These waning weeks of winter always feel like scraping the bottom of, well, a number of barrels. I’ve been wearing the same three outfits that manage to be warm, sort of interesting, and free of waistbands. The pantry and downstairs freezer1 are more or less cleaned out. The vibrancy of winter produce feels like it belongs in January with the freshness and the momentum and the resolutions.
February, on the other hand, feels like the real end of a year. We’re tired of winter, winter is tired of itself. Everything, including us, is washed-out. It seems right to make food that looks the way we’re feeling.
I’ve grown tired of photogenic food. I’m ready for ugly food.
Maybe for this reason, cabbage has always been one of my favorite vegetables to cook at home. Is it because, once cooked, it takes on a pale green, almost watery color that matches my tired February spirit instead of mocking me like the eye-welling brightness of, say, a bright squash or a carrot salad? Yeah, probably. It’s the sweatpants of vegetables.

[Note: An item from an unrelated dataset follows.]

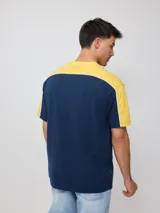 Remera negra de algodón con corte en hombros y mangas, cuello redondo gris oscuro y ribete blanco en los hombros. Estampado frontal con el texto "RUSTY" en tipografía futurista blanca con borde gris.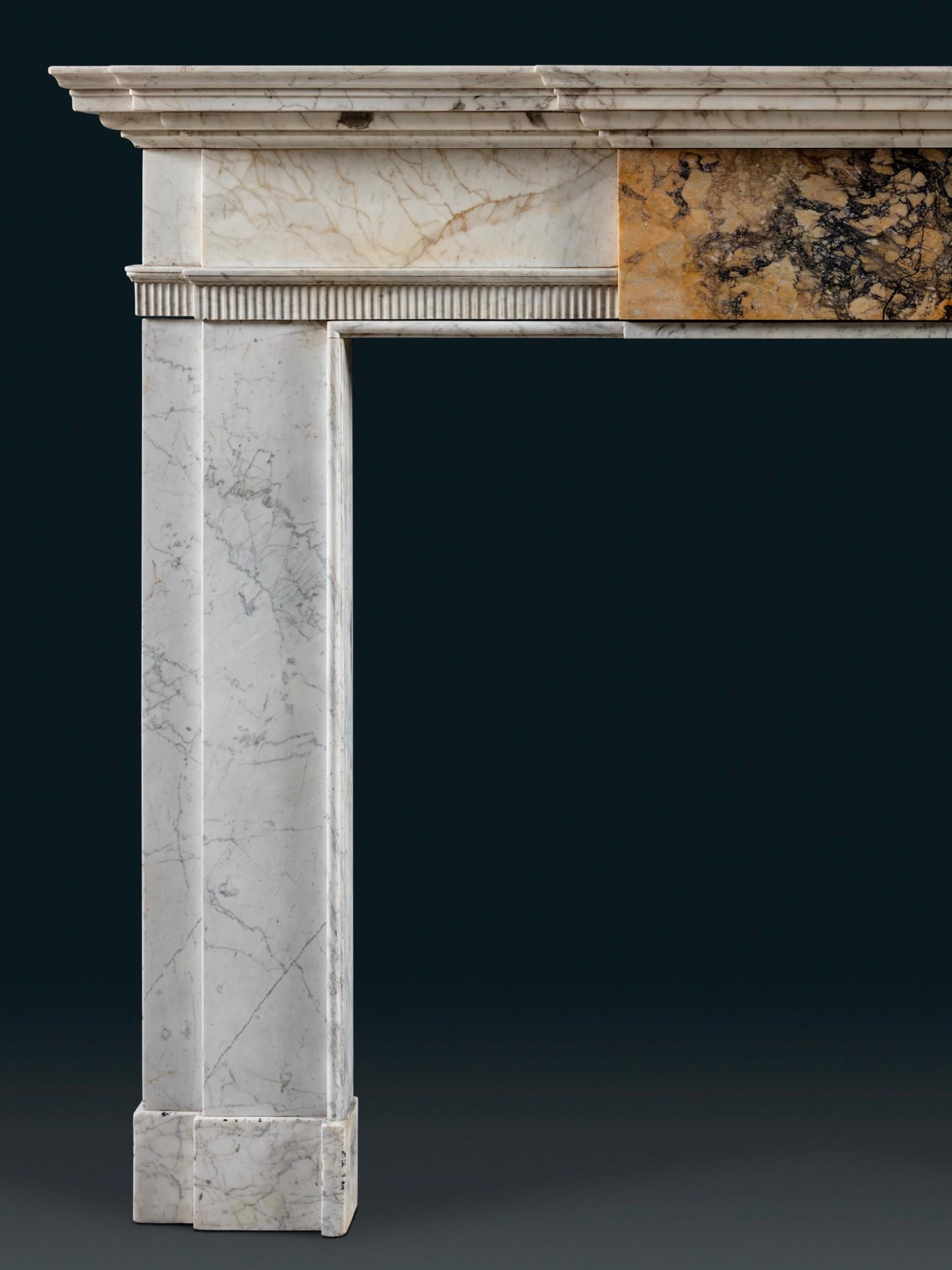 Chimenea de finales del siglo XVIII tallada en Carrara inglesa antigua con finas vetas de lápiz de forma arquitectónica sobria. La repisa del frente preside una llamativa tabla, un ejemplar de mármol Convent Sienna interrumpe el opulento uso de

Humble, versatile, and cheap, cabbage also goes the distance in the produce drawer, lasting for weeks (even months!). And they tend to be enormous, which, under the wrong circumstances, can make the vegetable feel like an imposition, a guest overstaying her welcome. You needed a little slaw for tacos two weeks ago and you’re still sitting on 3/4 of a cabbage the size of your head. And unlike some things in the produce drawer, it doesn’t have the decency to turn brown or go mushy quickly and get out of your life. It stares at you for weeks, staying crisp and hardy out of what feels like sheer spite.
So you can stay mad or you can make like 4 more meals out of it.
We’re gonna treat this cabbage series as if you’ve got a real bruiser bowling ball of a cabbage in the drawer and it’s time to use it up.
Today we’re starting with arguably the easiest preparation, requiring zero fancy knife work and only a passing interest in details like cooking times. You can make as much or as little cabbage as you like here, depending on whether it’s a Secret Lunch or a family dinner, but make the full batch of bagna cauda and store whatever’s left in the fridge.
Re. bagna cauda: don’t be intimidated by the fancy title. It means “hot bath” in Italian, and it’s literally meant to be a warm dip or drizzle for raw and cooked vegetables and meats. The version I make is similar to Abra Berens’ excellent version in her first book, Ruffage.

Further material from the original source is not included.